Short text fragments from websites:

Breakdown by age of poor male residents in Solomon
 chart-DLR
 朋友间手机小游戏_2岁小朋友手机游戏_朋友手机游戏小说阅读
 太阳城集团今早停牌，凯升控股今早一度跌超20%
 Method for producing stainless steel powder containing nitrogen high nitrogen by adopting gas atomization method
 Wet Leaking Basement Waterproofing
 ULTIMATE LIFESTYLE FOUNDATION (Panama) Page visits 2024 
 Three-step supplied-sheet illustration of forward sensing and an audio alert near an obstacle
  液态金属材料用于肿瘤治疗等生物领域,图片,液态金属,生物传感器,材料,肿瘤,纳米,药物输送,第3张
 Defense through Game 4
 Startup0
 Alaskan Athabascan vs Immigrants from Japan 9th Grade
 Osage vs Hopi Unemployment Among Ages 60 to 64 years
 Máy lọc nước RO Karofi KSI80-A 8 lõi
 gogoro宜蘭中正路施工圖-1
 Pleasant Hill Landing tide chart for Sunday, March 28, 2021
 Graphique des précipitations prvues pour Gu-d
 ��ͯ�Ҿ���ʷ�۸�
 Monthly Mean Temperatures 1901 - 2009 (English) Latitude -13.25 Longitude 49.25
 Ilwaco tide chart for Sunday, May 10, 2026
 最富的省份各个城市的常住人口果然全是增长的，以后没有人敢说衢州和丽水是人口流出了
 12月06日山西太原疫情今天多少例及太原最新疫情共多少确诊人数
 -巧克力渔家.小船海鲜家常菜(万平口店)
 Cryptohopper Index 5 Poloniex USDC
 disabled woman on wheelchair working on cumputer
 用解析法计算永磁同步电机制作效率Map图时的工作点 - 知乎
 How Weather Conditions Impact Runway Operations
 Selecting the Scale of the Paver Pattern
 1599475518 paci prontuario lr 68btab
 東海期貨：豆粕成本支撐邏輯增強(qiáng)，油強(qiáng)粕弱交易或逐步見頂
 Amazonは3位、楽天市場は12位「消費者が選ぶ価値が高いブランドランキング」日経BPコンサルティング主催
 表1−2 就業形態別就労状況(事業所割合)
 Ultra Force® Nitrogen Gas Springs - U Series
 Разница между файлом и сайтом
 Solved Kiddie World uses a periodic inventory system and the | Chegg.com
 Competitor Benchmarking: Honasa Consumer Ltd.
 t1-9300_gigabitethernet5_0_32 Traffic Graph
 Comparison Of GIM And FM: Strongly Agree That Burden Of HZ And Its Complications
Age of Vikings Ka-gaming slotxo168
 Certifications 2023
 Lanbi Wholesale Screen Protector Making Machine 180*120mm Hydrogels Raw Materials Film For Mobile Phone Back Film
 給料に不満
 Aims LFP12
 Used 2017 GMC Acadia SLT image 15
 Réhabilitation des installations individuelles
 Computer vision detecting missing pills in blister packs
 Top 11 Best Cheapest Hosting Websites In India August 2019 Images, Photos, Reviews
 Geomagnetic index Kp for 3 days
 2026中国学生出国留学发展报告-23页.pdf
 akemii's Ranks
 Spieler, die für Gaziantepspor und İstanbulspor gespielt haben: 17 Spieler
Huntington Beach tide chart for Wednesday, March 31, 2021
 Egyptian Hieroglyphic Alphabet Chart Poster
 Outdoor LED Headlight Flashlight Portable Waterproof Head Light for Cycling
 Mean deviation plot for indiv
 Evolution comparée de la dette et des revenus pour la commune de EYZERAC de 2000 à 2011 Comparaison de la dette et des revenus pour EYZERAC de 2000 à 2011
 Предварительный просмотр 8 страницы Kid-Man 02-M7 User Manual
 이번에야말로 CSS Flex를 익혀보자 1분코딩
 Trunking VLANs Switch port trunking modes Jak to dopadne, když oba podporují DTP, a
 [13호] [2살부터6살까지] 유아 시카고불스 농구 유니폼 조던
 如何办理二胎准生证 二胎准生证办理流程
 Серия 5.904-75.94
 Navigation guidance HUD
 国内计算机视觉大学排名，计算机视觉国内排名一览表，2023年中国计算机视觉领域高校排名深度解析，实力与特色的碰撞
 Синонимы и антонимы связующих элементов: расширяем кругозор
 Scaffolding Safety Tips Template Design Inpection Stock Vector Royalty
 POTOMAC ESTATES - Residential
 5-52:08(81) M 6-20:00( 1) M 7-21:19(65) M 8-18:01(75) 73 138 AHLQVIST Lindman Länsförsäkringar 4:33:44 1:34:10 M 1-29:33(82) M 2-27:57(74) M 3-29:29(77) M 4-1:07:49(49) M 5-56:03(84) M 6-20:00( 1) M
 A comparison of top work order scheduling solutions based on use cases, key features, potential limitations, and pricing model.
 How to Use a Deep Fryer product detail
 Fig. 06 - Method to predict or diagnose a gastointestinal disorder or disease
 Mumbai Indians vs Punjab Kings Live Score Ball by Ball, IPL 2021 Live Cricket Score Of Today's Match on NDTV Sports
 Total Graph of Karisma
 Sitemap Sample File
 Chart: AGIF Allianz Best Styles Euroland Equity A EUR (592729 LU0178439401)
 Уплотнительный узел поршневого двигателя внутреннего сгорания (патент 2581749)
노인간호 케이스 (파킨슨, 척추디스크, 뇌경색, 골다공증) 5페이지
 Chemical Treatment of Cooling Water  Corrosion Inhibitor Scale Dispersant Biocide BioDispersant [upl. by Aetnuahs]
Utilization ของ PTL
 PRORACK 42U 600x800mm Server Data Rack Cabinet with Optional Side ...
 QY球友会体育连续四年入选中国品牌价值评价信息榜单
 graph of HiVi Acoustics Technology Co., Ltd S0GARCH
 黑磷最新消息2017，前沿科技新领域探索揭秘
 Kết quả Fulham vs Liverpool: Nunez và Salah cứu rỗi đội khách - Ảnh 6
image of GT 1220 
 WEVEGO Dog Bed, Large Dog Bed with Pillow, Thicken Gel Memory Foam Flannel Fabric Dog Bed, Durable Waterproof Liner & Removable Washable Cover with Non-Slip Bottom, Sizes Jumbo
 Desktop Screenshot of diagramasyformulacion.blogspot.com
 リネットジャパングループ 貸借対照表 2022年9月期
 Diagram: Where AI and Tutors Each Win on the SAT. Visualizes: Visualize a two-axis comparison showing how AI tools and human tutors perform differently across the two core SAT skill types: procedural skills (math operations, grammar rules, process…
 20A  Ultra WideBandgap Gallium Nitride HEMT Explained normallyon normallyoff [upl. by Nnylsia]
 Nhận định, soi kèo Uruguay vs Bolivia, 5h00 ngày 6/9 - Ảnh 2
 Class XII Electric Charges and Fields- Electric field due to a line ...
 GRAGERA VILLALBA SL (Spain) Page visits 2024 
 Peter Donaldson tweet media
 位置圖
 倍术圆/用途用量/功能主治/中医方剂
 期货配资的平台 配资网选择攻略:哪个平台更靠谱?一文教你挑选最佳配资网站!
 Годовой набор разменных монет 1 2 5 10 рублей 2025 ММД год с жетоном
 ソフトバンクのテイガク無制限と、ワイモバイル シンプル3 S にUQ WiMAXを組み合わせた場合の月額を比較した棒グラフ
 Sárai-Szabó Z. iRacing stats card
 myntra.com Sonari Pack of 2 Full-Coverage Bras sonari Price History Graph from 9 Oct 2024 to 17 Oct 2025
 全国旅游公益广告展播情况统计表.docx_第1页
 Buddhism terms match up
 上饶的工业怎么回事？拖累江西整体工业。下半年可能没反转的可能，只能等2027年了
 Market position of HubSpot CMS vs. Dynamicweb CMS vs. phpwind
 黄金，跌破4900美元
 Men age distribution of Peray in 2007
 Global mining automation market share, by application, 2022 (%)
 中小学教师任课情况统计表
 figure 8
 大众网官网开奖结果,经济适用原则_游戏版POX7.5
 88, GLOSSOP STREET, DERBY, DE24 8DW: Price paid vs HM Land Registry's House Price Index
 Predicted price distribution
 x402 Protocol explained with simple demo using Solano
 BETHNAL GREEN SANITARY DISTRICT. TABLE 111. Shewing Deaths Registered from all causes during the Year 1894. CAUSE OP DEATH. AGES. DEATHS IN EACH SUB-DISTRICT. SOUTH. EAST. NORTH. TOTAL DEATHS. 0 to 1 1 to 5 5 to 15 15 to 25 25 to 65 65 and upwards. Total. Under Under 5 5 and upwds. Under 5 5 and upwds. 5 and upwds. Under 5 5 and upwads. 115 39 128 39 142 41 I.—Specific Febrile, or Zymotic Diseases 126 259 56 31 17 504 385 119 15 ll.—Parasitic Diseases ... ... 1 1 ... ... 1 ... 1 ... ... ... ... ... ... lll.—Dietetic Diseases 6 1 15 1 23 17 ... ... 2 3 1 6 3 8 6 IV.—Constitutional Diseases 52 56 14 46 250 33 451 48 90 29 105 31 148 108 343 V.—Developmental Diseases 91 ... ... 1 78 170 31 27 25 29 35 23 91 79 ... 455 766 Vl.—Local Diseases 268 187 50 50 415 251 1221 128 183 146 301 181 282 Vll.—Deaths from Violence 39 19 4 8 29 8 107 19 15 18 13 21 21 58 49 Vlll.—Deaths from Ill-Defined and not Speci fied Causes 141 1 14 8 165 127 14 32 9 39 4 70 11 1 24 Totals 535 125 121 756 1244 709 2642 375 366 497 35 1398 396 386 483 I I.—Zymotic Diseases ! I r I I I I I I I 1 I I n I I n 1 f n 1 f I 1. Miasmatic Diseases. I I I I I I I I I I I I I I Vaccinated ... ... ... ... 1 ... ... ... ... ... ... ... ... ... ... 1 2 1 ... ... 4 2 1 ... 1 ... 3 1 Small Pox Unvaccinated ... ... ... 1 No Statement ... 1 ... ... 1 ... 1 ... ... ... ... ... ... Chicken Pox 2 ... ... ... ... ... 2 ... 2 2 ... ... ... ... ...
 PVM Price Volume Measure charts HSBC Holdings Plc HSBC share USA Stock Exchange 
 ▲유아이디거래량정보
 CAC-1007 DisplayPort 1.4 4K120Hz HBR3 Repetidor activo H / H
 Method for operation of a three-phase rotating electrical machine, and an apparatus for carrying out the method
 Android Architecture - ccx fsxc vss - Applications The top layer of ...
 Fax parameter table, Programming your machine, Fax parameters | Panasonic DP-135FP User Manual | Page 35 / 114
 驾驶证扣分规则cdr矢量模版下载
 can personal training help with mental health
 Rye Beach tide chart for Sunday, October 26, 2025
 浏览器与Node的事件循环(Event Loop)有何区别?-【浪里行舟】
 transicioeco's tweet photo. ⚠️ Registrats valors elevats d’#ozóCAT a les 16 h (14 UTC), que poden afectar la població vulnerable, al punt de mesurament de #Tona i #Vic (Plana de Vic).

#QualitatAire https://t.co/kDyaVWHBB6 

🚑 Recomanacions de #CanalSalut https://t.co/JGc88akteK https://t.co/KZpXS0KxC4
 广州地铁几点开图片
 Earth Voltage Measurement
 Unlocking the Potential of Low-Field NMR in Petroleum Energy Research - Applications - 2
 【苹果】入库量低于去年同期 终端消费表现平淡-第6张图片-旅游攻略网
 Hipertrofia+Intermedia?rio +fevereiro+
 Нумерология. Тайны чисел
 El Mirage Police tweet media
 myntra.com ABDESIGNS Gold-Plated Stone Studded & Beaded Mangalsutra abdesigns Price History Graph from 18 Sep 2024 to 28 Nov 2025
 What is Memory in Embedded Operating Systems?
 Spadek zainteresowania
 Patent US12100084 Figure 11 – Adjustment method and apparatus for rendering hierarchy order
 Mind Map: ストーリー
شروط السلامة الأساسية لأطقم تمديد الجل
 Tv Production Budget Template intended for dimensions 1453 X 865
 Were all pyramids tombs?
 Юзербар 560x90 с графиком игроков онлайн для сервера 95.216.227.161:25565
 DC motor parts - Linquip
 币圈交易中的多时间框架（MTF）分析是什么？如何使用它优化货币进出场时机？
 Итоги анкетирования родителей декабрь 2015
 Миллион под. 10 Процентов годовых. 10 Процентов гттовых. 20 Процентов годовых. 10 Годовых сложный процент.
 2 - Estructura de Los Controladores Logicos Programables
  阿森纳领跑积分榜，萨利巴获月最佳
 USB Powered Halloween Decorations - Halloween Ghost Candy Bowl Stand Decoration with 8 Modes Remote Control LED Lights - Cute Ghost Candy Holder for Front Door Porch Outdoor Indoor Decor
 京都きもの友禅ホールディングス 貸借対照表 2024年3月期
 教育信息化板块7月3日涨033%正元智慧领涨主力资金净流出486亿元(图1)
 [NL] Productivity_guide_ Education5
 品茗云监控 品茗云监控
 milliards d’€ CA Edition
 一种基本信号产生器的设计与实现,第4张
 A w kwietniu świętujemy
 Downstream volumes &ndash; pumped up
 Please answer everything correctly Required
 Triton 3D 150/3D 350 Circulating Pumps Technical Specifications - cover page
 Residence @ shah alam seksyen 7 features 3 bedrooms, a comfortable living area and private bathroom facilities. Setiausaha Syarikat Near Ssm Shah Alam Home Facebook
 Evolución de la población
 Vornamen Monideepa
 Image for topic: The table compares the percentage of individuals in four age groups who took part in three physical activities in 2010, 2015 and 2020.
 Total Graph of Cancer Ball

■ Exercise aim ■
Within the data above, the span starting at the line containing "Mumbai Indians vs" and ending at the line containing "image of GT 1220" is to be retyped exactly, with no other lines.

■ Task solution ■
 Mumbai Indians vs Punjab Kings Live Score Ball by Ball, IPL 2021 Live Cricket Score Of Today's Match on NDTV Sports
 Total Graph of Karisma
 Sitemap Sample File
 Chart: AGIF Allianz Best Styles Euroland Equity A EUR (592729 LU0178439401)
 Уплотнительный узел поршневого двигателя внутреннего сгорания (патент 2581749)
노인간호 케이스 (파킨슨, 척추디스크, 뇌경색, 골다공증) 5페이지
 Chemical Treatment of Cooling Water  Corrosion Inhibitor Scale Dispersant Biocide BioDispersant [upl. by Aetnuahs]
Utilization ของ PTL
 PRORACK 42U 600x800mm Server Data Rack Cabinet with Optional Side ...
 QY球友会体育连续四年入选中国品牌价值评价信息榜单
 graph of HiVi Acoustics Technology Co., Ltd S0GARCH
 黑磷最新消息2017，前沿科技新领域探索揭秘
 Kết quả Fulham vs Liverpool: Nunez và Salah cứu rỗi đội khách - Ảnh 6
image of GT 1220 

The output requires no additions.